Fisher v. United States

13 F.2d 756 | 4th Cir. | 1926

ERNEST F. COCHRAN, District Judge.

The plaintiff in error, Omie Fisher, was indicted jointly with Charles Stockton and Homer Roberts. The first- count of the indictment charged them with the unlawful possession and transportation of intoxicating liquors. The second count charged them with conspiracy under section 37 of the Criminal Code (Comp. St. § 10201). The particular conspiracy charged was a combination to possess and sell intoxicating liquors in violation of the National Prohibition Law (Comp. St. Ann. Supp. 1923, § 1013814 et seq.). Stockton and Roberts entered a plea of guilty. Fisher was tried, convicted, and received a sentence of two years’ imprisonment and $500 fine. Fisher alone has sued out a writ of error.

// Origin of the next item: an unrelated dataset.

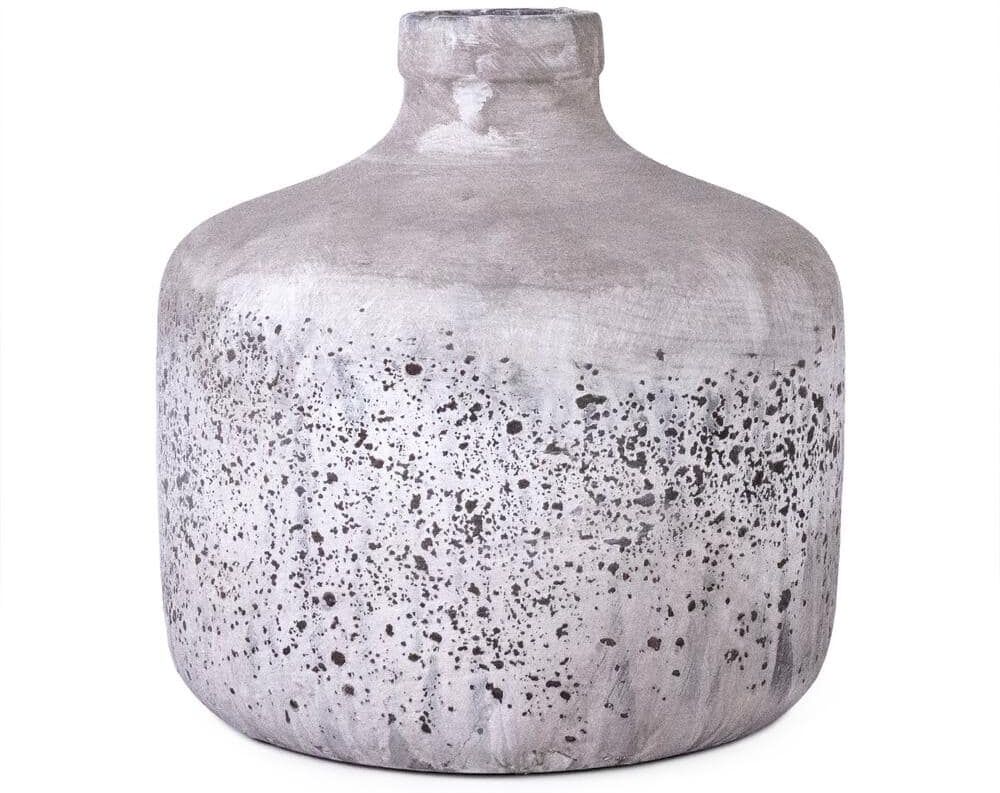 Zentique Distressed Grey Wash Pottery (5914L A344)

At the trial, Stockton and Roberts testified on behalf of the government. In substance, they testified that Fisher and Stockton had an arrangement with Roberts whereby Roberts was to dispose of intoxicating liquor for them, for which he was to receive $1 *757for every gallon that he sold for them or either of them. The government further had evidence to show that, on the day that Fisher was arrested, Roberts had called up for a gallon of whisky, and that Fisher drove a certain car back into an alley, and Stockton there placed some packages of whisky in the ear. The car was then driven by one of them to a certain place, where Stockton took one package of the whisky and delivered it to Roberts, who carried it away, sold it, collected the money, and brought it to them. Later Stockton took another package of whisky from the ear, and went away with it to deliver it, while Fisher stayed in the car. Fisher and Stockton were then arrested by a prohibition agent, and an examination of the car disclosed that it had a secret trap in which the officers testified whisky could be concealed.

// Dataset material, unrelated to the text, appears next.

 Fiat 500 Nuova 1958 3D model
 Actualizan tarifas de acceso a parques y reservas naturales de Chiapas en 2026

There was testimony tending to show that the car belonged to Fisher’s niece. Fisher admitted on the witness stand that he had driven the car at least a part of the trip, and that ho knew that Stockton- had placed two packages in the ear, and that he thought that they contained liquor, but denied that he knew that it was liquor, and denied that he had any agreement or understanding of any kind with Stockton or Roberts for the possession, transportation, or sale of liquor. There was other evidence, both on the part of the government and of Fisher, but in the view we take of the case it is unnecessary to state it.

The direct evidence and circumstances surrounding the transaction as testified by the government witnesses, if believed by the jury, would undoubtedly have warranted the jury in finding that a conspiracy existed, and, if the court had left it to the jury to find from this evidence that a conspiracy existed, we would not disturb the verdict rendered; but the court charged the jury, among other things, as follows:

“Now, as a matter of law, as I view it,— and, of course, that is my responsibility — if Fisher knew that was liquor, and drove that car around, and Stockton put it in there, and they came over to town, and did deliver it to Roberts, and Roberts then did deliver it, or sell it, to this other person, or persons, if you believe that beyond a reasonable doubt, that is a conspiracy in law. That, however, is solely a question of evidence for you, and not for me.”

This portion of the charge was excepted to and assigned as error. We think the learned judge was in error in charging the jury that the facts recited by him in this portion of the charge necessarily and as a matter of law constituted a conspiracy.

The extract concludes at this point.